On November 13, 2012, the Texas Supreme Court adopted rules to implement the 2011 legislation creating a right to seek early dismissal and mandating expedited handling of cases worth less than $100,000 in monetary relief. The Court added Rule 91a and Rule 169 to the Texas Rules of Civil Procedure, declaring: “These rules are a significant effort to improve the efficiency of the Texas court system while protecting the rights of litigants.” These new rules are open to public comment until February 1, 2013, and go into effect on March 1, 2013.

New Early Dismissal Rule

Rule 91a, Dismissal of Baseless Causes of Action, is intended to enable a party to seek dismissal of a claim having no basis in law or fact. The new rule has key timing aspects. The movant must file its dismissal motion within 60 days after the first pleading containing the challenged claim is served on the movant. The movant must give 21 days' notice of hearing, and the trial court must rule on the motion within 45 days after it is filed. Except in limited circumstances concerning governmental claims, a court must award the “prevailing party” (either a defendant or a plaintiff) all costs and reasonable and necessary attorney’s fees incurred with respect to the challenged claim.

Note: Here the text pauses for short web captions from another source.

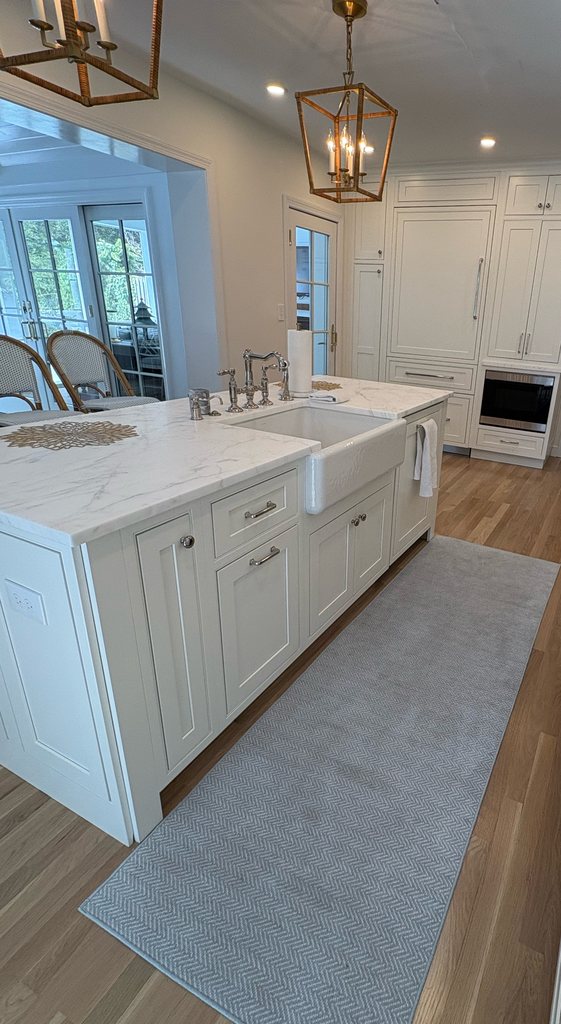 White kitchen island with a quartzite countertop, a farmhouse sink and a bridge faucet under lantern pendants, with Shiloh beaded inset cabinetry in soft white, a Bethesda Cabinets project.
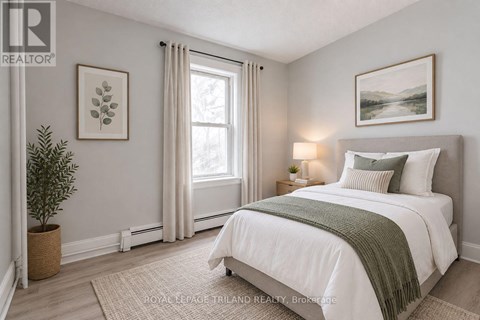 A bedroom with a large bed and a window with curtains.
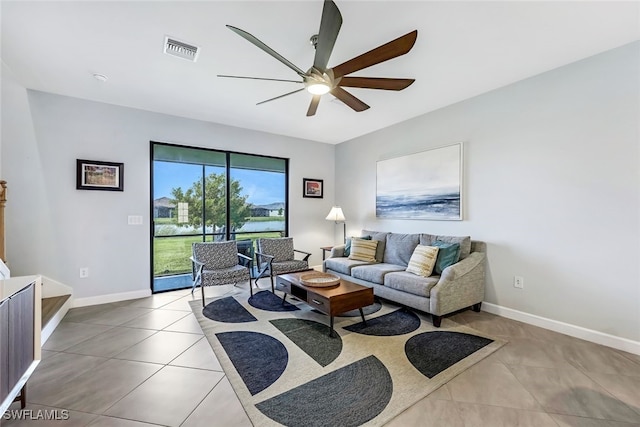 tiled living room featuring ceiling fan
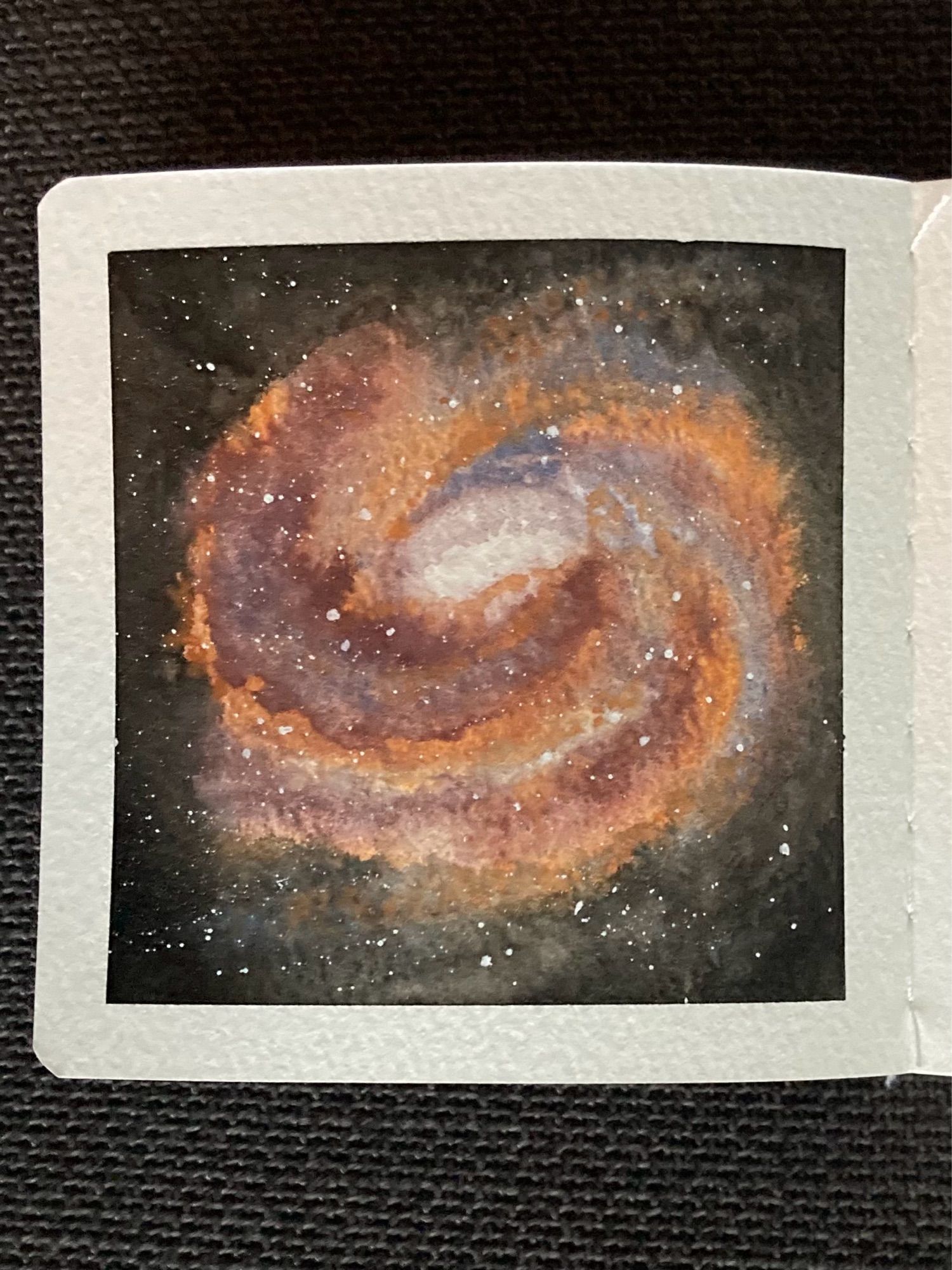 A watercolor painting of a donut-shaped spiral galaxy in space. The galaxy is comprised of swirling arms of burgundy, orange and bluish-grey circling a bright white centre. Stars are peppered throughout the galaxy and in the space surrounding it.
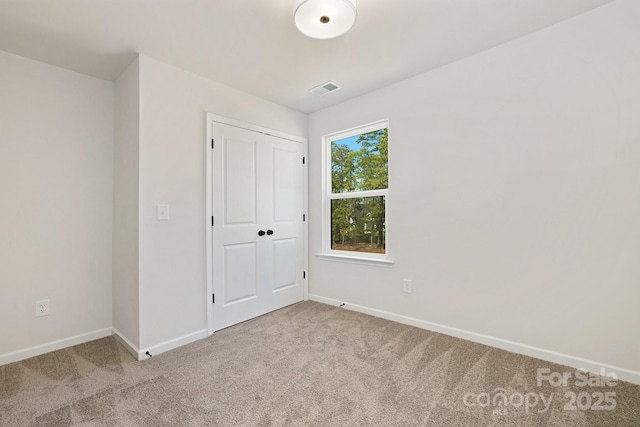 unfurnished bedroom featuring light colored carpet, visible vents, and baseboards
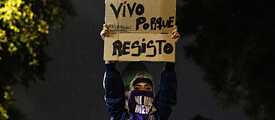 During a demonstration for the decriminalisation of abortion in Argentina, a protester lifts a sign that reads “I live because I resist.” 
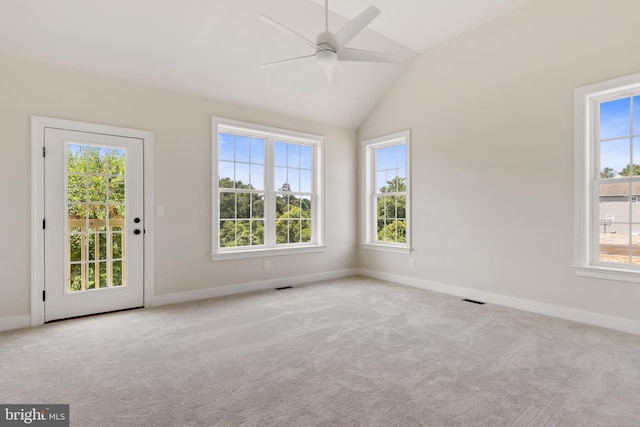 carpeted spare room featuring ceiling fan, vaulted ceiling, and plenty of natural light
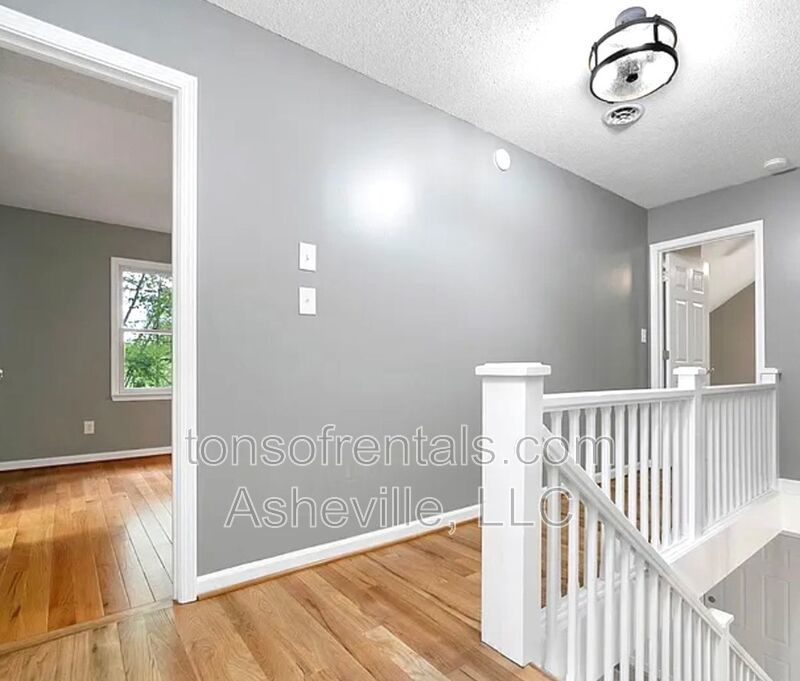 This beautiful freshly painted single-family home in Pisgah Forest, NC offers 3 bedrooms, 2.5 bathrooms, and multiple living spaces including a bonus room and a gas fireplace. property image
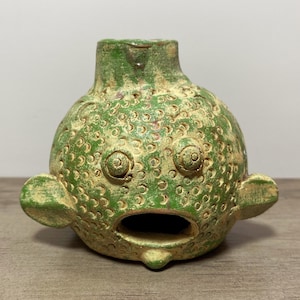 May include: A whimsical, green ceramic sculpture of a fish-like creature with large, round eyes, a wide open mouth, and small fins. The sculpture has a textured surface with a distressed, aged appearance, and a small opening at the top.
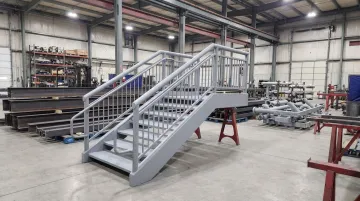 Fabricated structural steel components including stairs handrails and piping assemblies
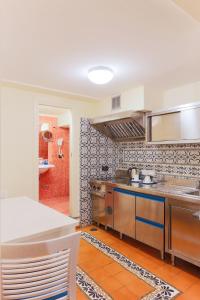 a kitchen with stainless steel appliances and a bathroom at Maison Tofani in Sorrento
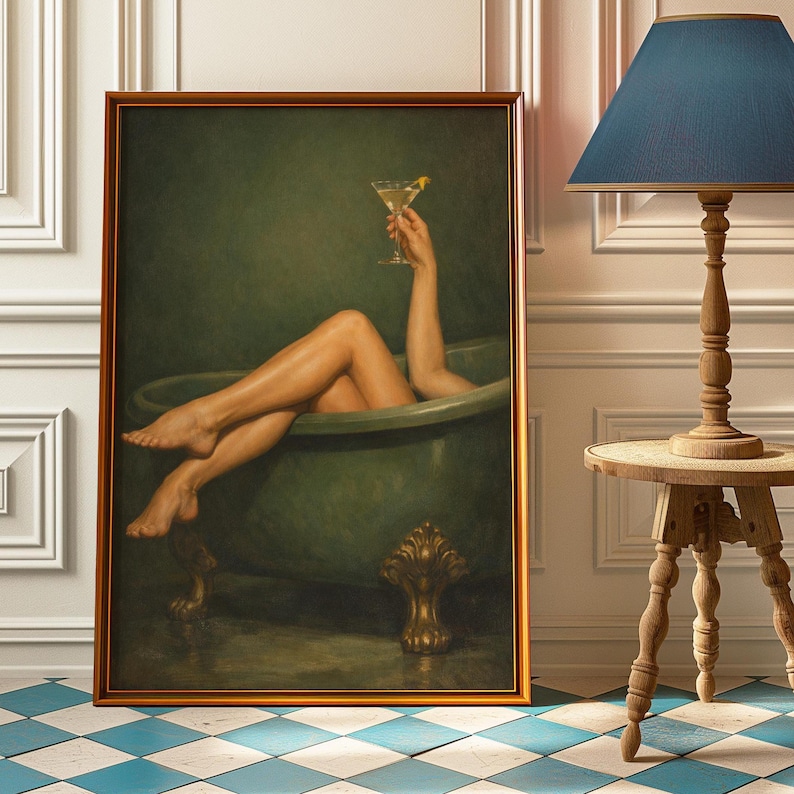 May include: A framed artwork depicts a person relaxing in a green bathtub, holding a martini. The artwork has a gold frame and is set against a green backdrop. The floor is tiled with a blue and white checkered pattern.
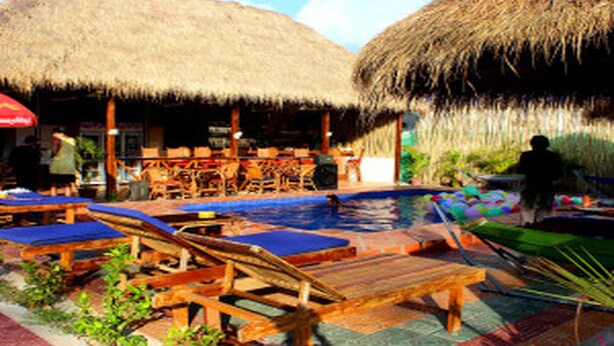 Un espace aménagé au bord de la piscine, avec des chaises longues en bois et une structure recouverte d’un toit de chaume.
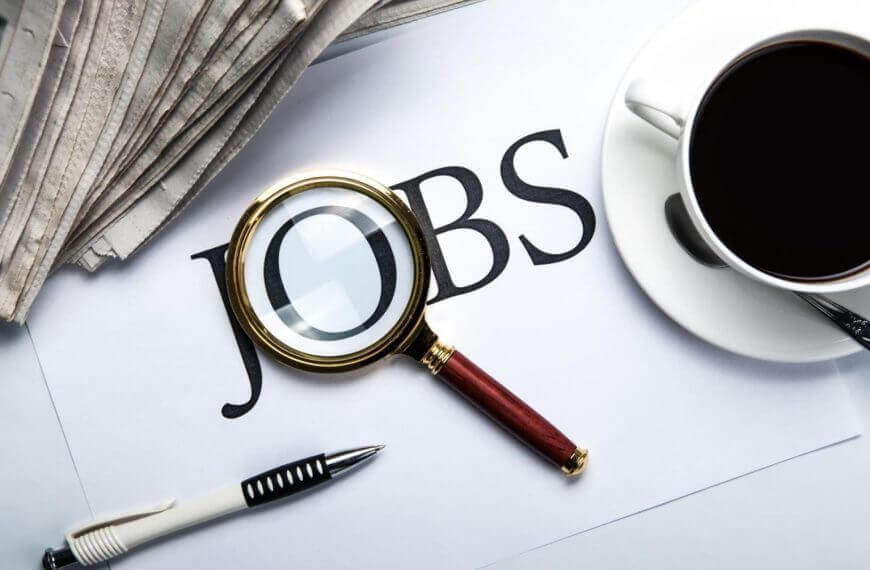 a magnifying glass over the word jobs, with a pen, coffee cup, newspapers—ideal for iligan jobseekers.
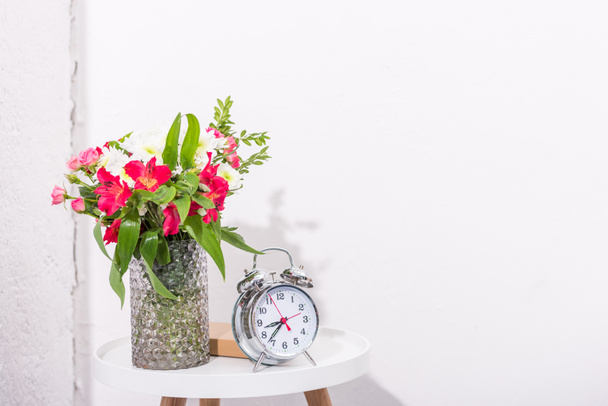 винтажный будильник на столе с цветами в вазе
 - Фото, изображение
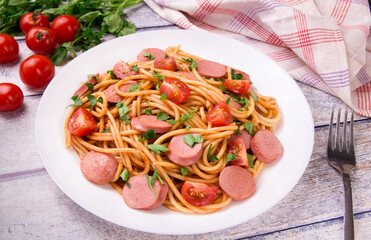 Pasta spaghetti with cherry tomatoes, fried sausage and parsley  in white plate on a light background.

The court is not to consider evidence, except that which is attached to a petition or answer. In this way, the motion is similar to the federal Rule 12(b)(6), with the addition that the party who loses pays the other party’s reasonable fees and costs.

Another important shift in Texas procedure is the effect on the due order of pleadings. A defendant can file a Rule 91a motion before filing a personal jurisdiction challenge (called a “special appearance”), and not risk waiving jurisdiction by appearing in the trial court on the dismissal motion. Given the early time frame for filing a Rule 91a motion and the mandatory “loser pays” aspect, defense counsel should skillfully and promptly evaluate the claims, defenses and the trial judge to advise whether to take advantage of this new rule.

New Expedited Actions

In another sweeping change, the Court mandated that actions seeking less than $100,000 in strictly monetary relief be automatically categorized as “expedited actions.” Parties may ask to be excused from the required categorization for good cause or by pleading more than $100,000 in monetary relief.

The Court amended Rule 47 to require that a pleading be assigned to one of five monetary categories:

  1. Only monetary relief of $100,000 or less, including damages of any kind, penalties, costs, expenses, pre-judgment interest and attorney’s fees
  2. Monetary relief of $100,000 or less and non-monetary relief
  3. Monetary relief of more than $100,000, but not more than $500,000
  4. Monetary relief of more than $500,000 but not more than $1,000,000
  5. Monetary relief of more than $1,000,000.

A party that fails to comply with the above-referenced requirement may not conduct discovery until the party’s pleading is amended to state one of these categories. This new requirement should also help reduce the uncertainty about whether a lawsuit seeks more than $75,000 for federal removal purposes.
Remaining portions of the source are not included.